» **Data records**
○ ○ ○ ○ ○ ○ ○

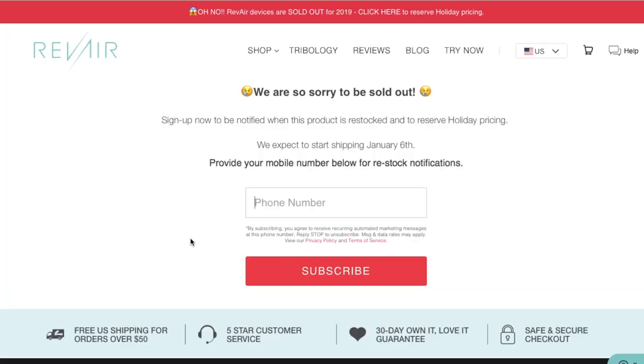If you guys are interested in the RevAir, definitely check down below. They do have a place where you can put your email and you'll get an alert once the RevAir comes back in stock in 2020. If you guys enjoyed this video, please give it a big thumbs up, comment down below, feel free to share, and of course subscribe. I'll see you all in the next one. Bye guys!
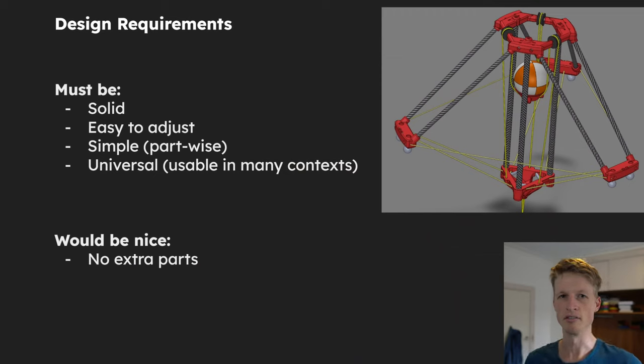So I wrote out all of the design requirements this part needs to have. The connection between the string and whatever its part is needs to be solid — strong and not going to slip out. But it needs to be easy to adjust so that I can make very minor adjustments without too much hassle, because these strings need to be millimeter-correct in some cases. The design needs to be simple, won't use lots of parts, and doesn't involve features that might be tricky to 3D print. I also want it to be universal so it can be used in lots of different contexts. It would also be nice if the design used no extra parts — just change 3D printing features and tie the string up.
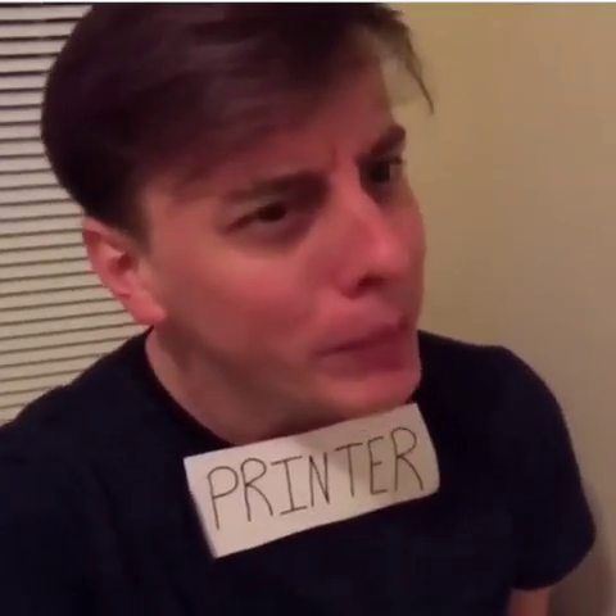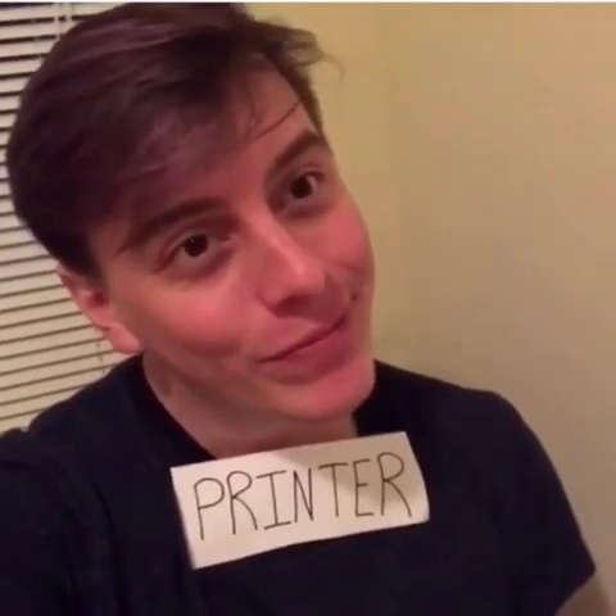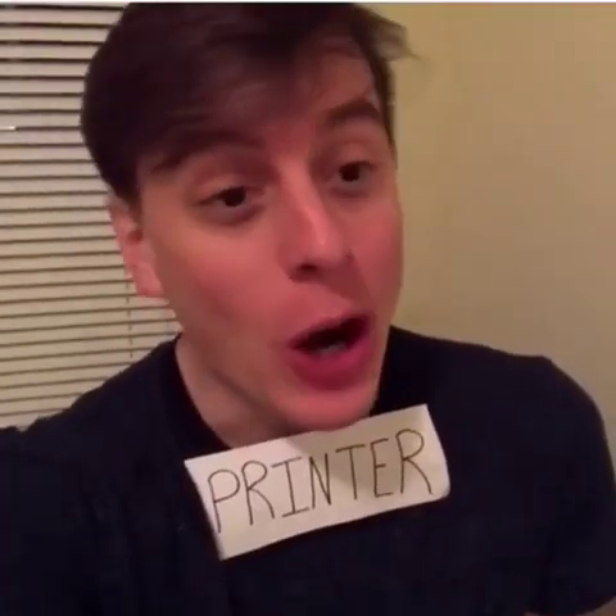Hey, what are you up to? Just trying to print something. Oh my gosh — I print things, so I should probably be printing something. Yeah, you should. How are you doing? Nope, those were just some startup noises I like to make. They do sound like I'm printing though, right?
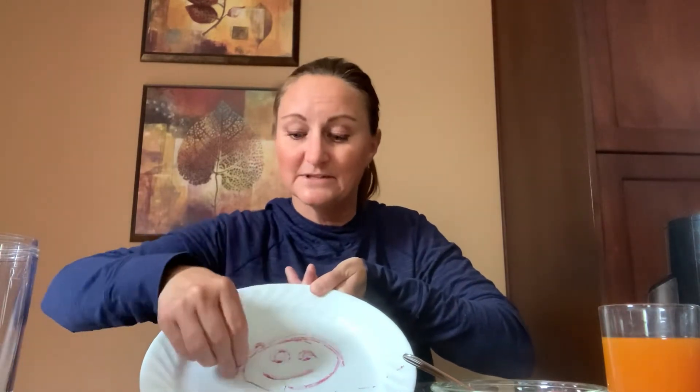So let's start out today by grabbing some of your fruit. Mine is all frozen, so I can draw on my plate. Can you draw on your plate with some of your fruit? What are you gonna make?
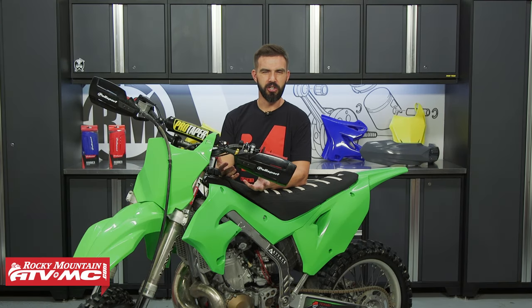Is there anything better than just a good-looking, good-sounding two-stroke? I don't think so. And if you own an old two-stroke, you do not want to miss December's giveaway.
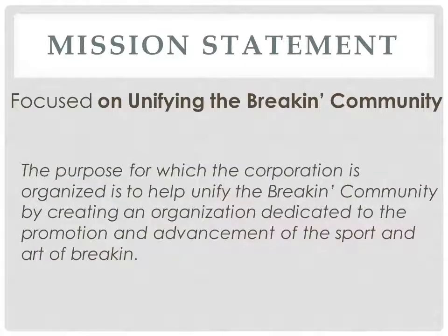As most trade associations, you must start off with a mission statement — the purpose for which the corporation is organized — to help unify the breaking community by creating an organization dedicated to the promotion and advancement of the sport and art of breaking.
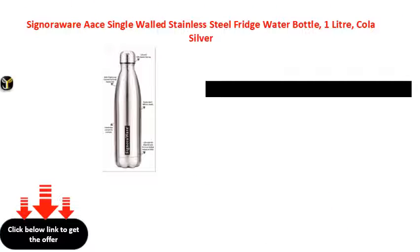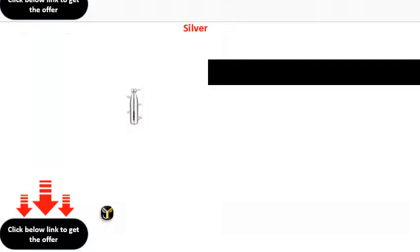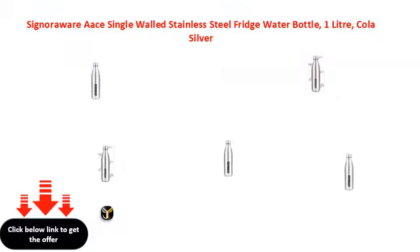Signora Wear single-walled stainless steel, 2 litre, cola silver. Signora loft, 5 litre, cola silver.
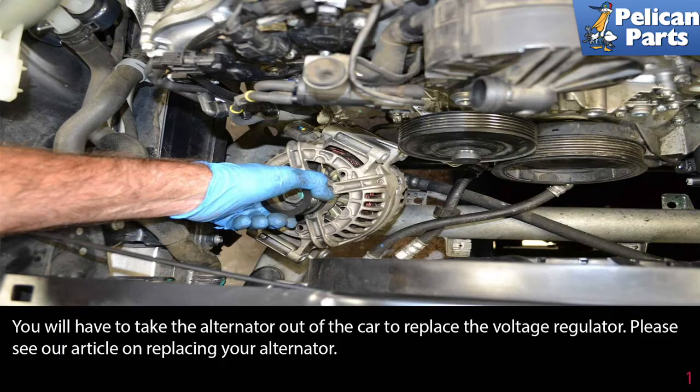You will have to take the alternator out of the car to replace the voltage regulator. Please see our article and video on replacing your alternator by following a link at the end of this video for additional instructions.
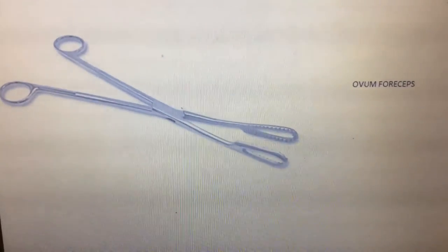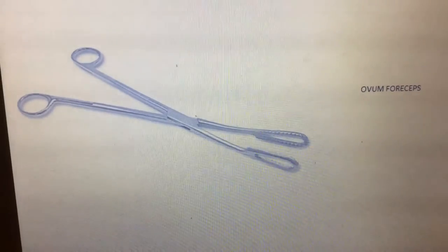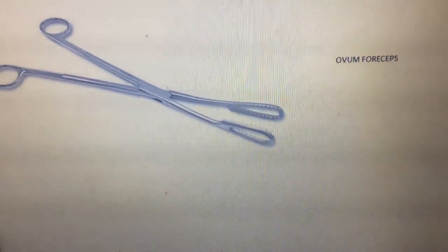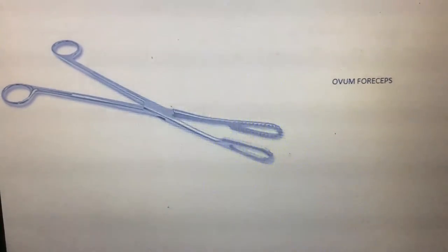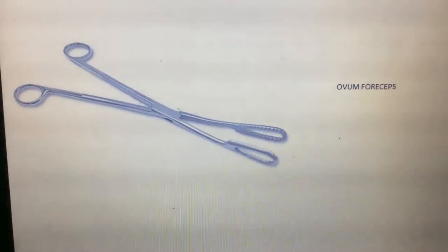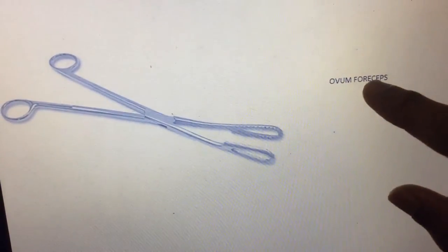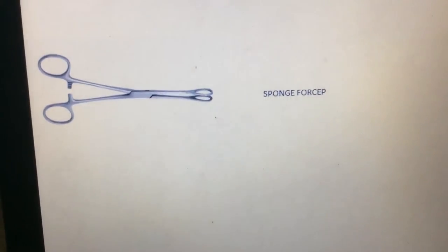This one is known as ovum forceps. The tip is shaped like a tennis racket. It is mainly used to remove placental fragments from the uterus, and also for other clamping purposes. It is mainly used in gynecological procedures. This side is slightly curved. The other type is the sponge forceps.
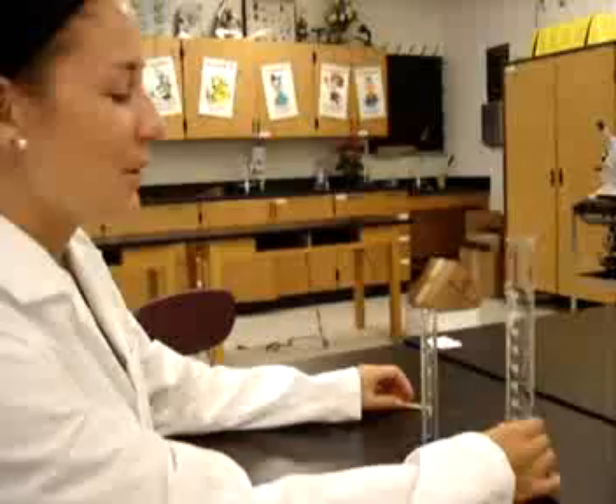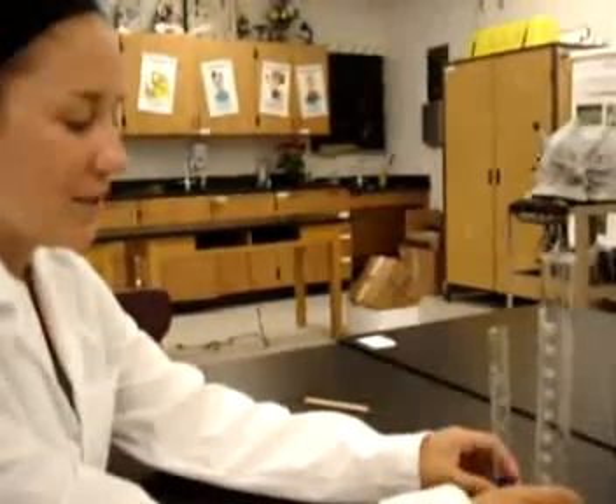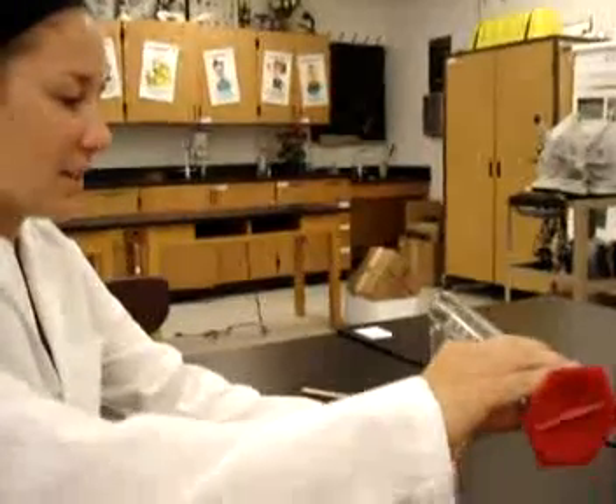This is how to correctly use a graduated cylinder in order to measure liquid and volume in milliliters. First, we're going to pour the liquid from the larger graduated cylinder into the smaller one. Be careful and really try hard not to spill.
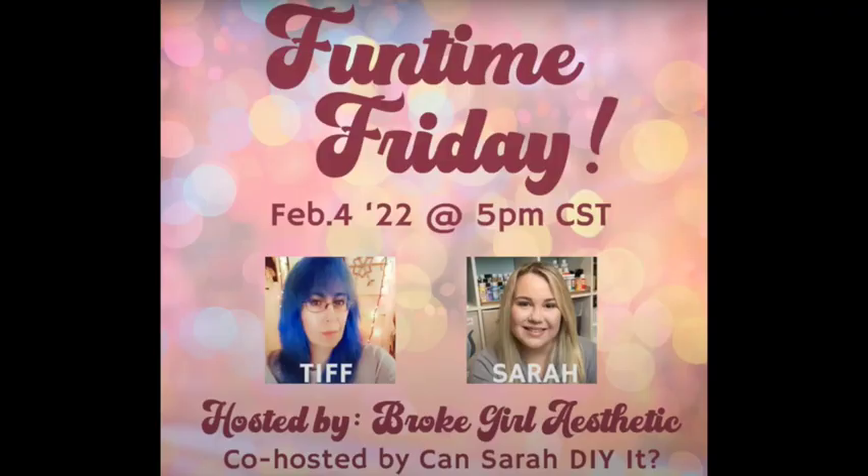Hi, welcome to Nona's Here. I'm Nona, and today is one of my favorite days. It's Fun Day Friday with Tiff from Broke Girl Aesthetic and her co-host, Ken Sarah D.I. Wyatt. I'll be sure and link both of their channels down below and the playlist where you can see where everyone is joining in for Fun Time Friday.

○ ○ ○ ○ ○ ○ ○

» **Directions for this task**
Copy the lines from the line that contains "Is there anything" through the end of the records, exactly and with nothing added; leave the pictures out.

» **Response box**
Is there anything better than just a good-looking, good-sounding two-stroke? I don't think so. And if you own an old two-stroke, you do not want to miss December's giveaway.
As most trade associations, you must start off with a mission statement — the purpose for which the corporation is organized — to help unify the breaking community by creating an organization dedicated to the promotion and advancement of the sport and art of breaking.
Signora Wear single-walled stainless steel, 2 litre, cola silver. Signora loft, 5 litre, cola silver.
You will have to take the alternator out of the car to replace the voltage regulator. Please see our article and video on replacing your alternator by following a link at the end of this video for additional instructions.
This one is known as ovum forceps. The tip is shaped like a tennis racket. It is mainly used to remove placental fragments from the uterus, and also for other clamping purposes. It is mainly used in gynecological procedures. This side is slightly curved. The other type is the sponge forceps.
This is how to correctly use a graduated cylinder in order to measure liquid and volume in milliliters. First, we're going to pour the liquid from the larger graduated cylinder into the smaller one. Be careful and really try hard not to spill.
Hi, welcome to Nona's Here. I'm Nona, and today is one of my favorite days. It's Fun Day Friday with Tiff from Broke Girl Aesthetic and her co-host, Ken Sarah D.I. Wyatt. I'll be sure and link both of their channels down below and the playlist where you can see where everyone is joining in for Fun Time Friday.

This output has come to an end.